No es casualidad que la pedagogía moderna tenga también la idea
fija de eliminar los traumas: se
pretende suprimir todo lo que simboliza o sugiere el significado de una
iniciación a una etapa sucesiva, una ruptura cualitativa y un paso de un nivel
a otro, porque puede ser doloroso. Se quiere hacer todo suave, blando, sin
solución de continuidad para evitarnos el inevitable sufrimiento de crecer y
cambiar.
En definitiva esta actitud y este punto de vista, en el
fondo, tienen el significado de una negación de la vida. Y esto vale también
para la sociedad en general.
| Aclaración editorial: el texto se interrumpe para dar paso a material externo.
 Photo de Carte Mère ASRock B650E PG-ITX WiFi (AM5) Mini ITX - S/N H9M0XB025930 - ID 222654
La sociedad perfecta que nos propone la moral de
las prohibiciones y de la seguridad total, la sociedad útero del bienestar y la
hiperprotección del ego en la cual los niños y los adultos no crecen nunca, es
un decir no a la vida y a todo lo que
es noble y superior.
Esta forma de concebir la infancia y la educación encaja
como un guante con un cierto modelo de sociedad, lógicamente porque la educación
es la preparación para la vida de adulto. Una exaltación de la libertad
absoluta que se resuelve en el culto del capricho individualista, pues se trata
de una libertad cuidadosamente domesticada. En efecto se acompaña a un rechazo
visceral de normas y disciplina interior que puedan dar una forma a la persona,
un significado y una dirección a la libertad. Una libertad en definitiva a la
que se ha privado de todo su significado, porque lo único que se nos permite es
jugar en una celda de paredes acolchadas.
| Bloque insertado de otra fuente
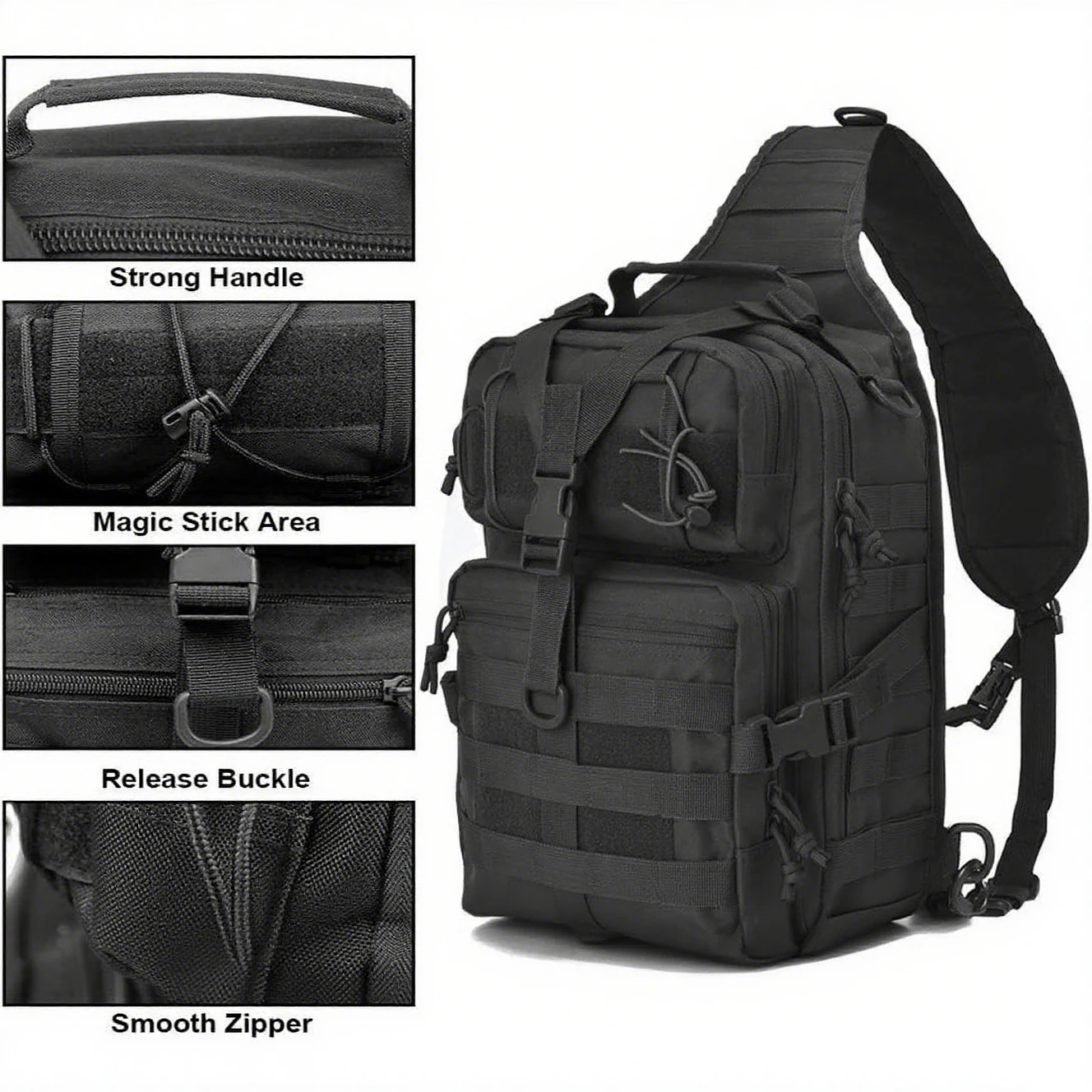 Tactical Sling Backpack Should - Edc Concealed Carry Backpack 리뷰 및 가격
Vemos entonces cómo se pretende construir una sociedad en
la que no haya más que diferencias de grado entre la infancia, la juventud y el
mundo adulto. La idea de fondo es implantar lo que podemos llamar el arquetipo del paraíso donde no hay lucha
ni peligros, la búsqueda de una sociedad perfecta donde la vida sea fácil y
jamás tengamos que enfrentarnos a nosotros mismos. Y para hacer esto se nos
tiene que proteger de nosostros mismos y de los aspectos terribles y oscuros de
la realidad, empezando cuanto antes posible, desde la primera niñez. Basta
comparar los hermosos cuentos tradicionales, a menudo terribles pero cargados
de significados y sugestiones, de luz y de sombra, con los cuentos ridículos,
insípidos y vacíos que hoy en día se fabrican siguiendo las instrucciones de
los expertos.
Todo ello revela el auténtico carácter de las ideologías
que pretenden construirnos un paraíso y protegernos de nosotros mismos. Bajo una
fachada de bellas intenciones se esconde una naturaleza profundamente opresiva,
y el punto de llegada es una tiranía a la postre insoportable para el ser
humano. Para volver al tema de la infancia, Collodi en su Pinocho supo expresarlo en un lenguaje sencillo cuando los niños
del País de los Juguetes, el paraíso terrestre en el que se juega siempre, no
hay obligaciones ni escuela, se convierten en burros y terminan tirando del
carro como esclavos.
Y me atrevo a afirmar que cualquier aspiración a un paraíso
en la Tierra,
un estado definitivo y perfecto de la Humanidad, asume antes o después en el mundo
real, más allá de las bellas palabras, su verdadero y monstruoso rostro: un
País de los Juguetes en el cual las personas son primero transformadas en
burros y luego en esclavos.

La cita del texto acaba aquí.